***** Excerpted data

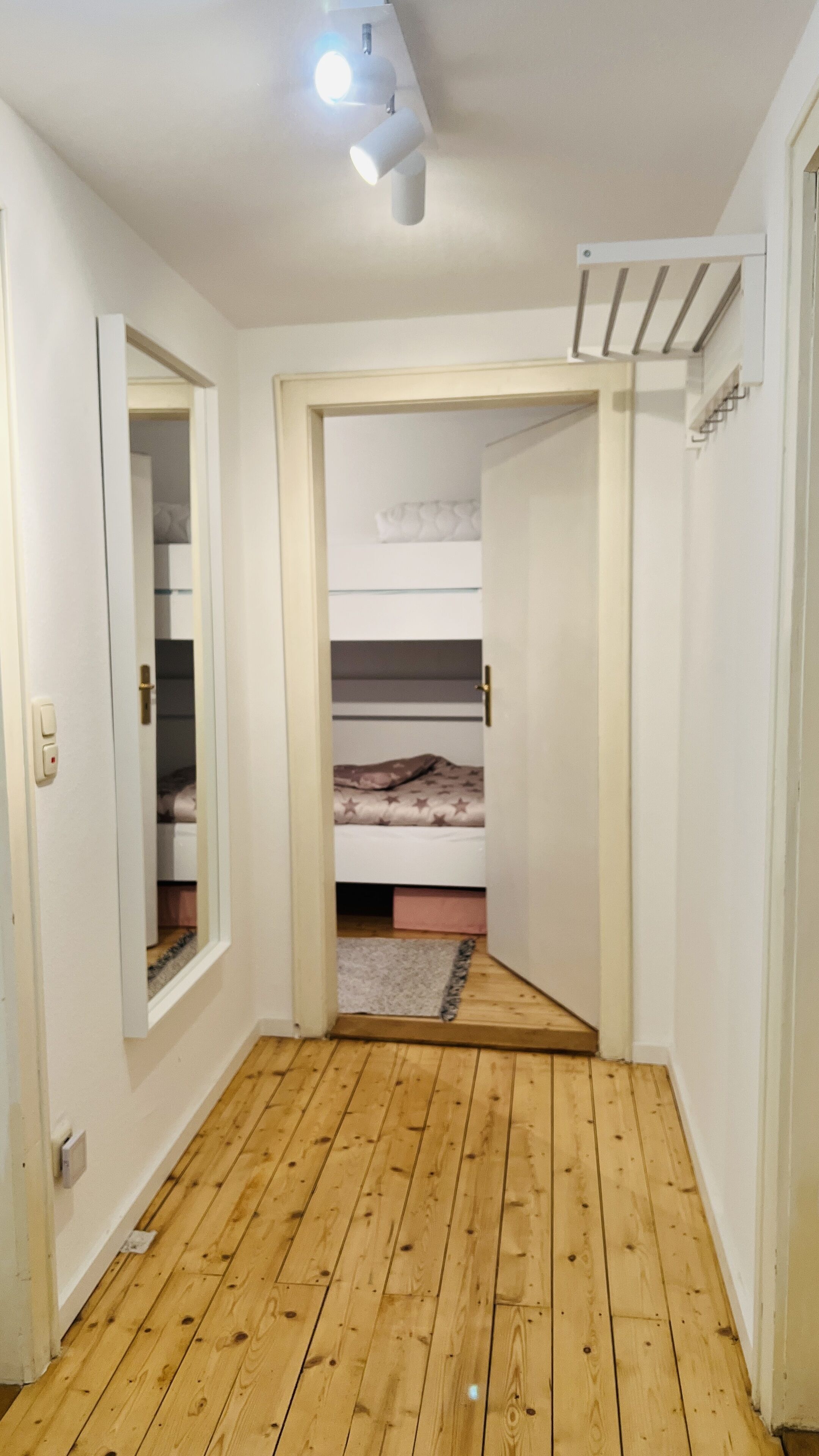 Ein schmaler Flur mit Holzdielen, der zu einem Schlafzimmer mit Etagenbett führt.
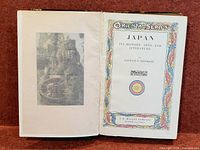 Open book showing illuminated title page and frontispiece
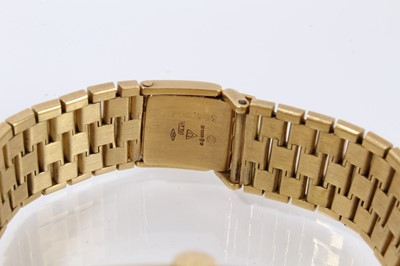 Lot 755 - Omega Constellation 18ct gold Automatic wristwatch with tonneau shape brushed gold dial with baton hour markers in tonneau shape case on integral 18ct gold articulated bracelet strap.
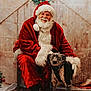 santa_claus, dog, christmas, holiday, wreath, red_suit, beard, glasses, black_boots, wooden_floor, chair, indoor, festive, decoration, pet, smiling, portrait, winter, fur, happy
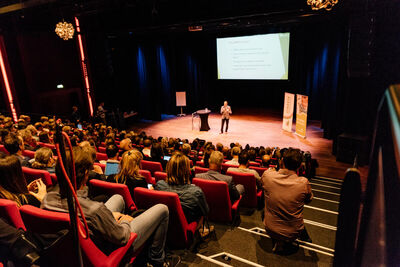 Beeld van het zijaanzicht van het podium van de Lindenbergzaal waar een pan in een grijs pak een presentatie geeft.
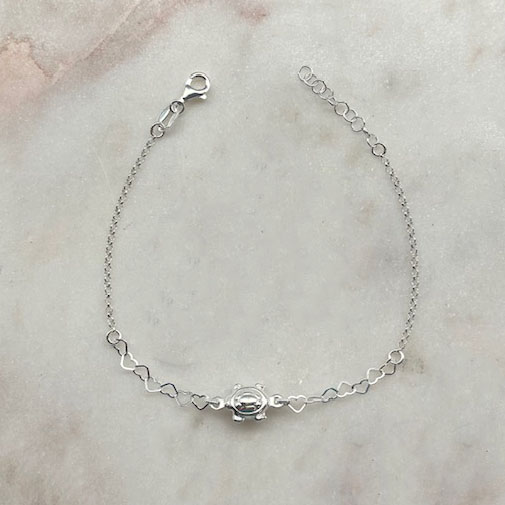 A photo of the Turtle Charm with Heart Link Bracelet product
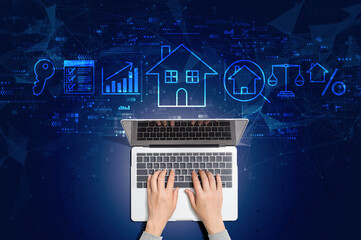 Real estate theme with person using a laptop computer - obrazy, fototapety, plakaty
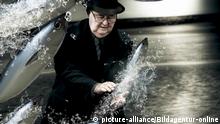 Artistic And Creative Photo Of A School Of Fish Splashing By A Senior Man Trying His Hand A Fishing For A Catch In A Plenty Of Fish In The Sea Conceptual | Verwendung weltweit, Keine Weitergabe an Wiederverkäufer.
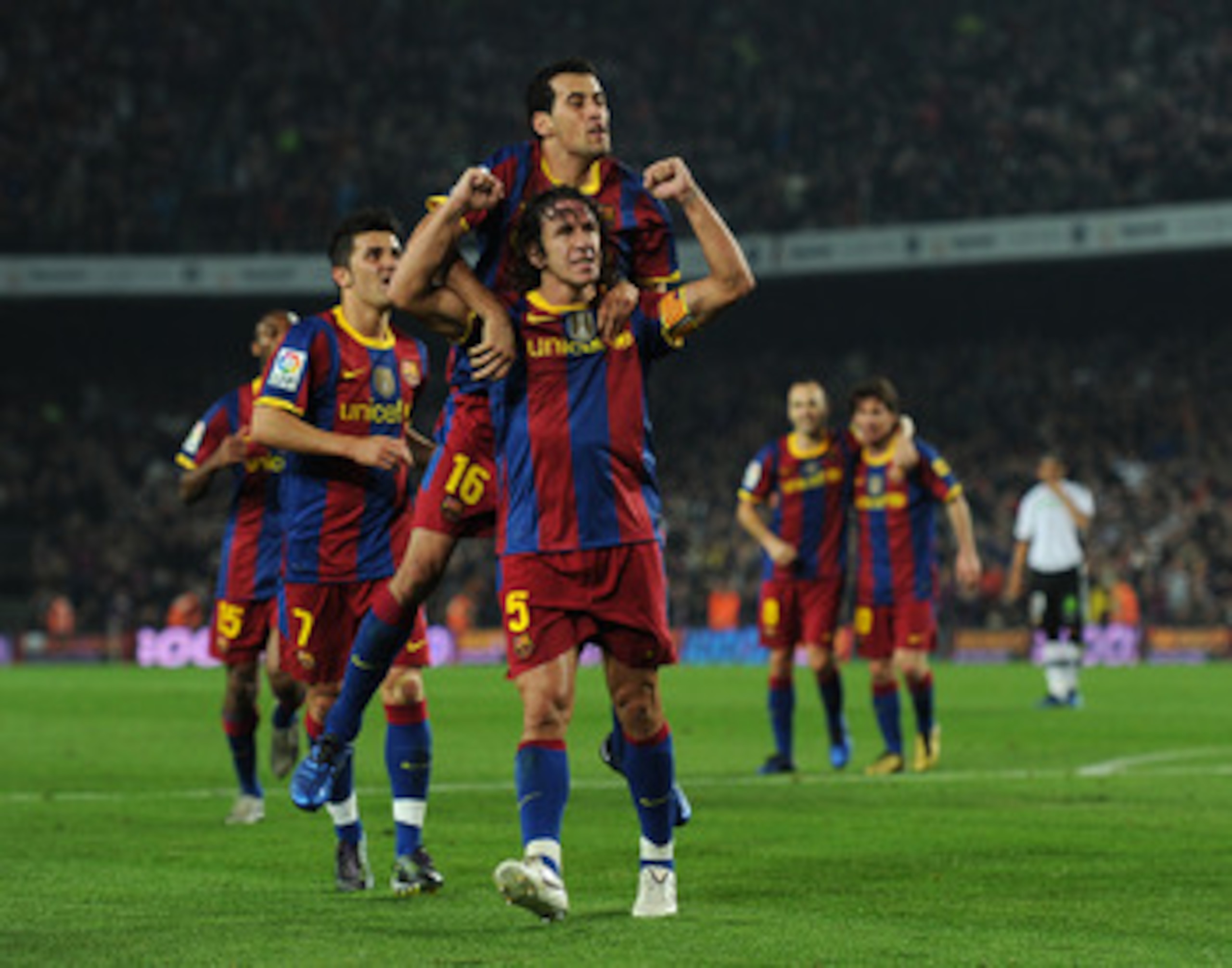 BARCELONA, SPAIN - OCTOBER 16:  Carles Puyol (C) of Barcelona celebrates scoring his sides second goal with his teammate Sergio Busquets (Top) during the La Liga match between Barcelona and Valencia at the Camp Nou stadium on October 16, 2010 in Barcelona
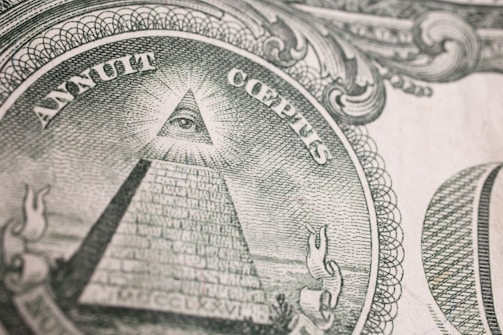An intricate engraving of the Eye of Providence, commonly known as an all-seeing eye, is depicted within a triangular shape atop an unfinished pyramid. Surrounding the pyramid, there are Latin inscriptions and ornate scrollwork designs, suggesting symbolic and historical significance.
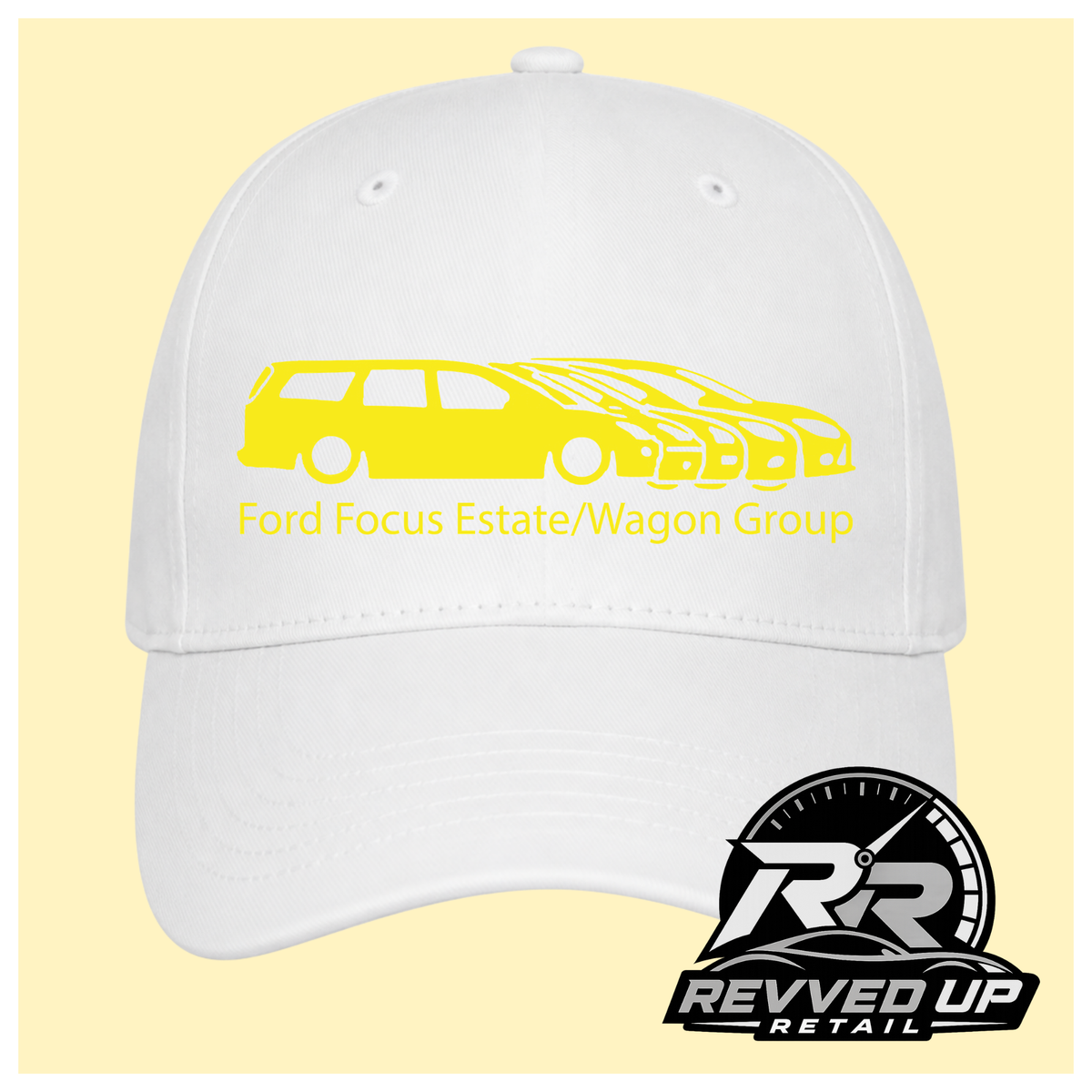A white baseball cap with a yellow graphic of multiple Ford Focus cars and the text 'Ford Focus Estate/Wagon Group' on the front, shown against a pale yellow background. A Revved Up Retail logo is visible in the bottom right corner.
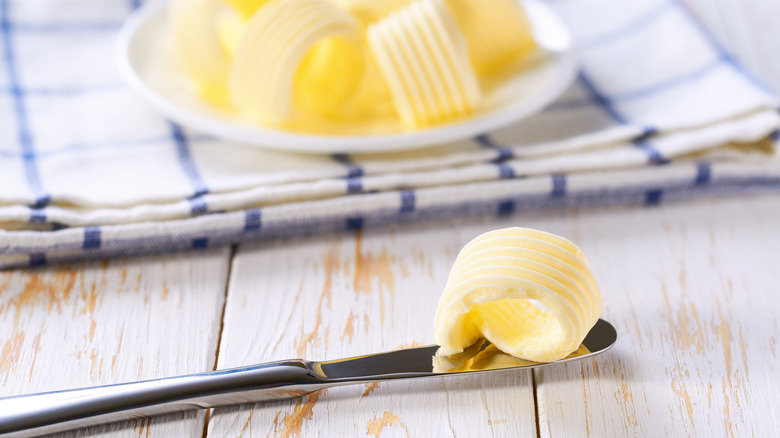 Swirls of margarine on a plate and a knife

**********

**Task to carry out**
The copy has to start at the line that contains "BARCELONA, SPAIN - OCTOBER" and end at the last line of the material above, matching the original exactly and holding no pictures.

**Answer to this task**
 BARCELONA, SPAIN - OCTOBER 16:  Carles Puyol (C) of Barcelona celebrates scoring his sides second goal with his teammate Sergio Busquets (Top) during the La Liga match between Barcelona and Valencia at the Camp Nou stadium on October 16, 2010 in Barcelona
An intricate engraving of the Eye of Providence, commonly known as an all-seeing eye, is depicted within a triangular shape atop an unfinished pyramid. Surrounding the pyramid, there are Latin inscriptions and ornate scrollwork designs, suggesting symbolic and historical significance.
A white baseball cap with a yellow graphic of multiple Ford Focus cars and the text 'Ford Focus Estate/Wagon Group' on the front, shown against a pale yellow background. A Revved Up Retail logo is visible in the bottom right corner.
 Swirls of margarine on a plate and a knife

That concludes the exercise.